7 Things You Need to Know in Food This Week

According to Forbes, compound butters (like these at Nick & Toni's) will move front and center in 2017. • Photo by Doug Young

According to Forbes, compound butters (like these at Nick & Toni’s) will move front and center in 2017. • Photo by Doug Young

From restaurant trends to recycling to food science here are the 7 things you need to know in food this week

The New York Post on the flourishing foodie scene in Queens:
“As Queens becomes the new place for hipsters priced out of Brooklyn, its foodie scene continues to flourish.
Queens Crossing in Flushing — a mixed-use development from F&T Group, with retail, office, community, entertainment and dining space — is launching three new food concepts in its trendy food hall. Curry Bo and Young Street Poke Co. are due from restaurateur and designer Natalie Graham and Chef Takanori Akiyama — both of the Lower East Side’s SakaMai.”

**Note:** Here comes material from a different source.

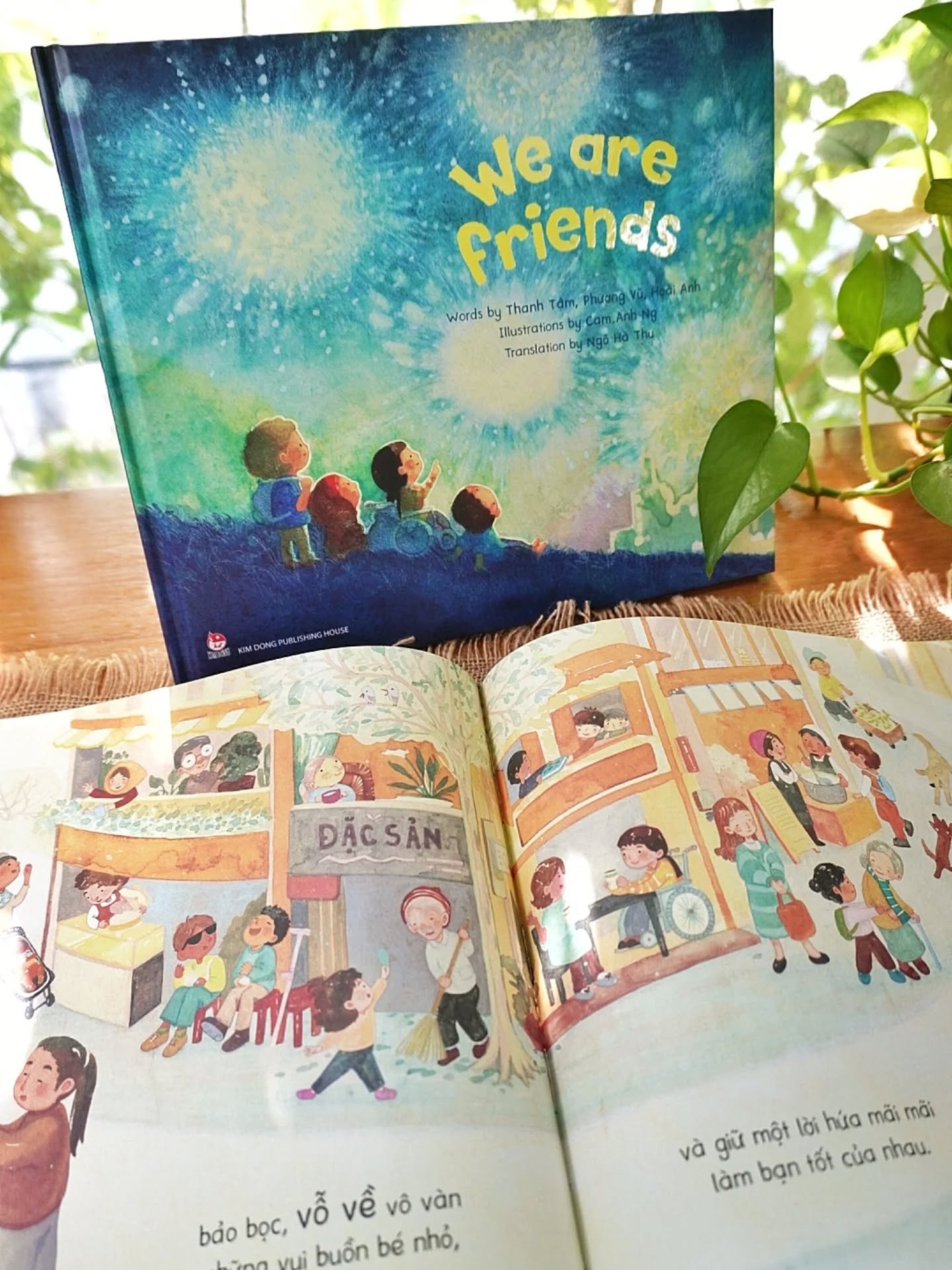 We are friends Chúng mình là bạn (A great book about friendship in Vietnamese language and English language)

The New York Daily News on bills that would protect fast food workers:
” Retail and fast food workers would be spared from last-minute changes to their schedules under new legislation being introduced in the City Council on Tuesday. One bill would ban retail stores with five or more employees from canceling a worker’s shift within 72 hours, or requiring them to come in to work with less than 72 hours’ notice.”

The Washington Post on why Democrats should listen to rural America:
“To make his case, [Secretary of Agriculture] Vilsack focuses on his home state of Iowa, which is 95 percent white and shows in microcosm many of the problems that plague Democrats in rural America. When Vilsack won his long-shot race for governor in 1998, it was the first time Iowa had elected a Democrat to the office in 32 years.”

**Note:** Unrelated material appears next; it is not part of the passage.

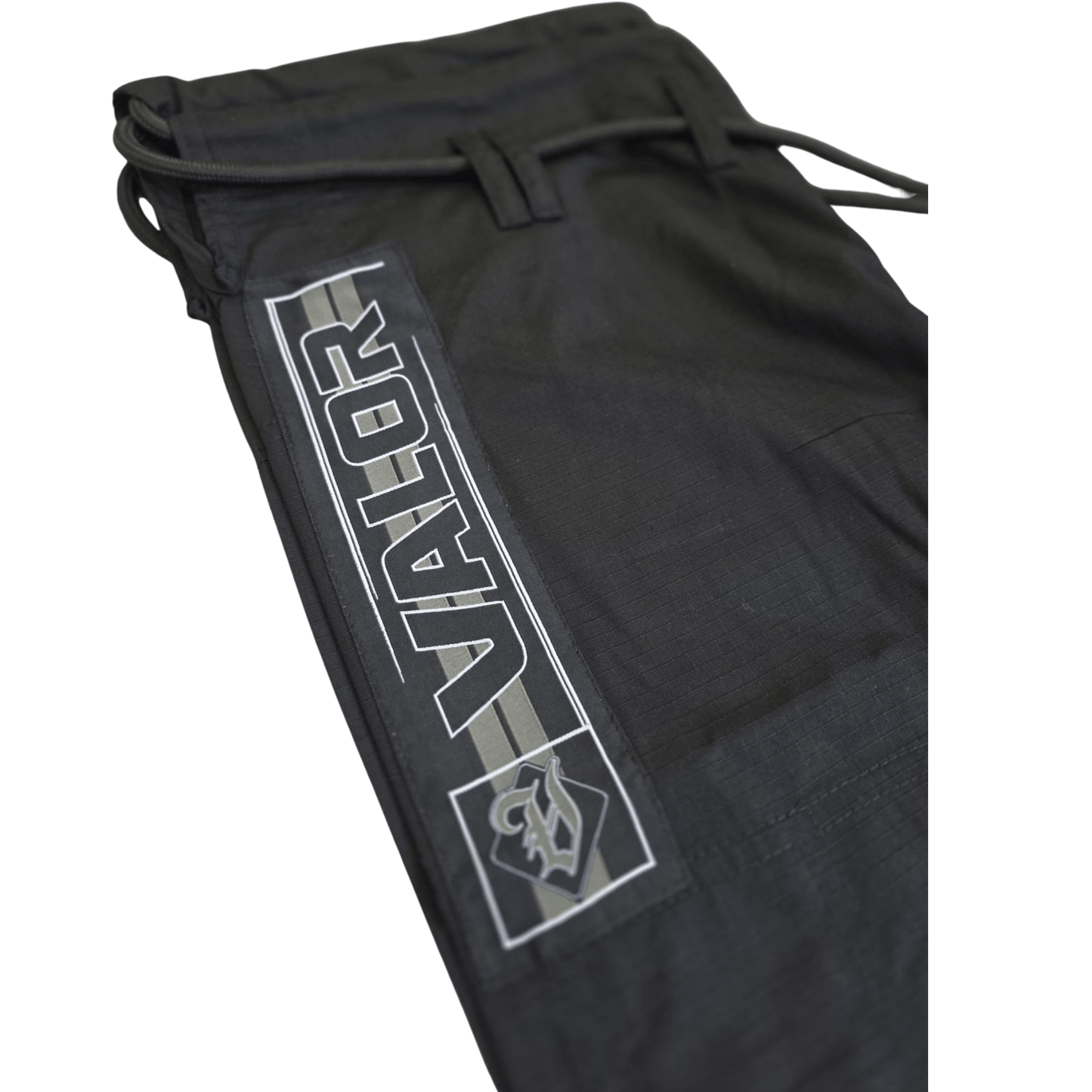Valor Bravura BJJ Gi – IBJJF Legal Beginner Gi | Free White Belt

WNYC explores how mayors are going to lead the fight to protect the environment:
“But while prime ministers and ambassadors at the U.N. consider the international impacts of climate change, across town, a group of mayors is attempting to refocus the issue on the immediate, already present consequences impacting individuals in their communities.”

Pew Research Center on how Americans differ widely on food science issues:
“There has been a pronounced shift in Americans’ eating habits over the past 20 years with far-reaching implications for how food is created, prepared and consumed. Moreover, the way Americans eat has become a source of potential social, economic and political friction as people follow personal preferences reflecting their beliefs about how foods connect with their health and ailments, according to a new survey by Pew Research Center.”

The Times reports on Germany being the world leader in recycling:
“According to the Organization for Economic Cooperation and Development, Germans happily sort 65 percent of their waste into an array of color-coded bins to be collected for reuse or incineration. South Koreans come in second, recycling 59 percent of their refuse. The United States recycles 35 percent; that’s only slightly above the average for the developed countries that belong to the organization, but it is miles ahead of Turkey, where 99 percent of all trash ends up in a landfill.”

Forbes picks its top 10 food and restaurant trends of 2016:
“Some of the trends on past lists remain popular: all-day breakfast, poke, fried chicken, avocado toast, lobster rolls, truffles, kale, Brussels sprouts, bitters, copper mug cocktails, customizable fast food, upscale vegan cooking and restaurants filtering and bottling water on site.”